Ad hoc is a Latin phrase meaning literally 'to this'. In English, it typically signifies a solution for a specific purpose, problem, or task rather than a generalized solution adaptable to collateral instances. (Compare with a priori.)

Common examples are ad hoc committees and commissions created at the national or international level for a specific task. In other fields, the term could refer to, for example, a military unit created under special circumstances (see task force), a handcrafted network protocol (e.g., ad hoc network), a temporary banding together of geographically-linked franchise locations (of a given national brand) to issue advertising coupons, or a purpose-specific equation.

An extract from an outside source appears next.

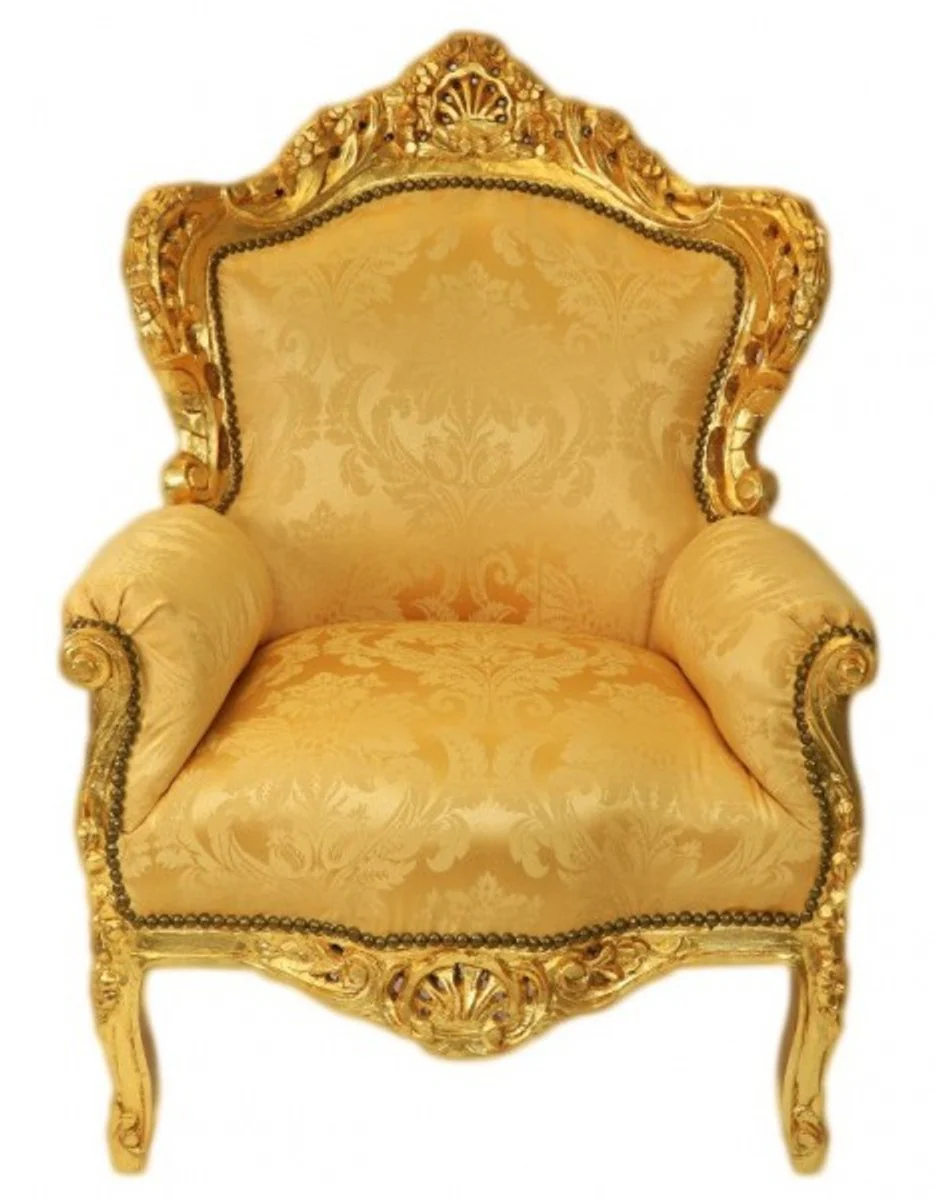 Sessel King Gold Muster / Gold 85 x 85 x H. 120 cm - Barock Sessel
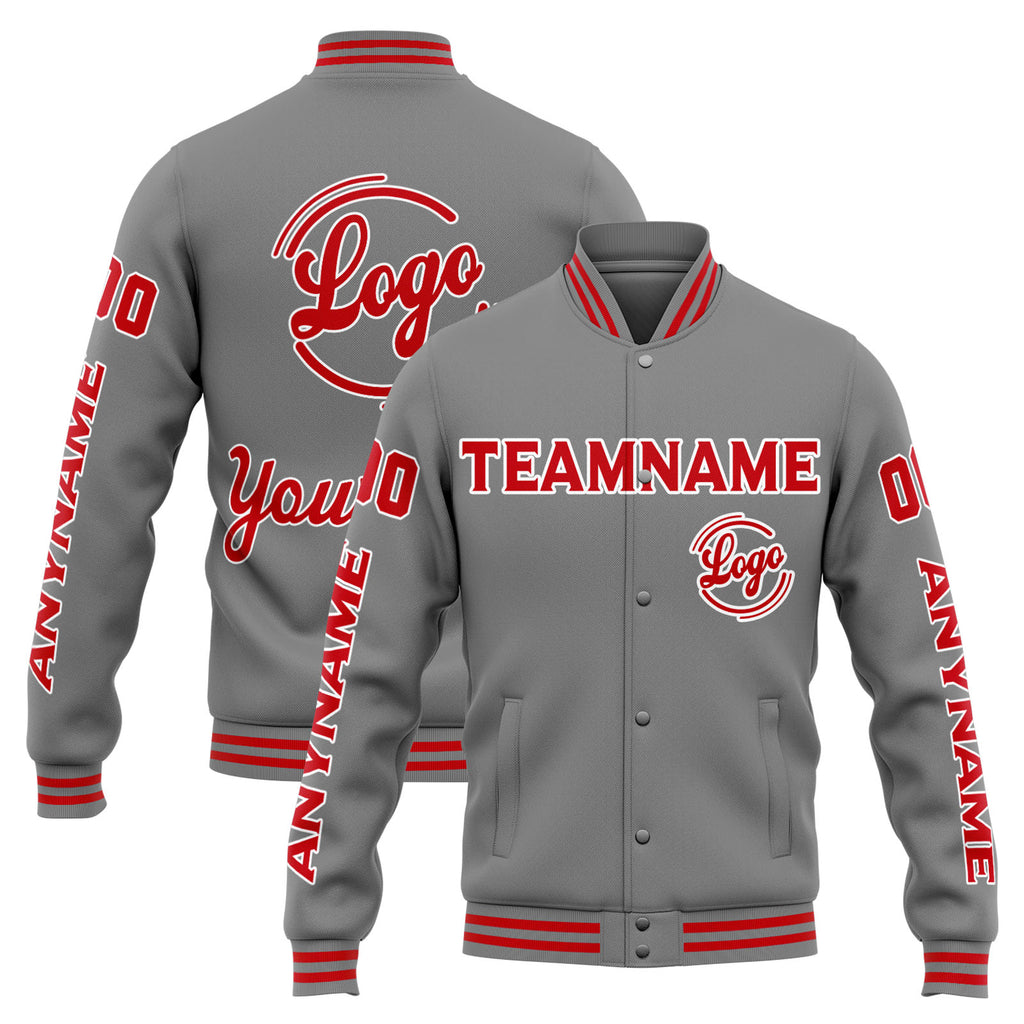 Custom Varsity Jacket Letterman jacket for Men, Women and Youth Grey Red enthsush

Ad hoc can also be an adjective describing the temporary, provisional, or improvised methods to deal with a particular problem, the tendency of which has given rise to the noun adhocism.

Styling
Style guides disagree on whether Latin phrases like ad hoc should be italicized. The trend is not to use italics. For example, The Chicago Manual of Style recommends that familiar Latin phrases that are listed in the Webster's Dictionary, including "ad hoc", not be italicized.

Hypothesis

In science and philosophy, ad hoc means the addition of extraneous hypotheses to a theory to save it from being falsified. Ad hoc hypotheses compensate for anomalies not anticipated by the theory in its unmodified form.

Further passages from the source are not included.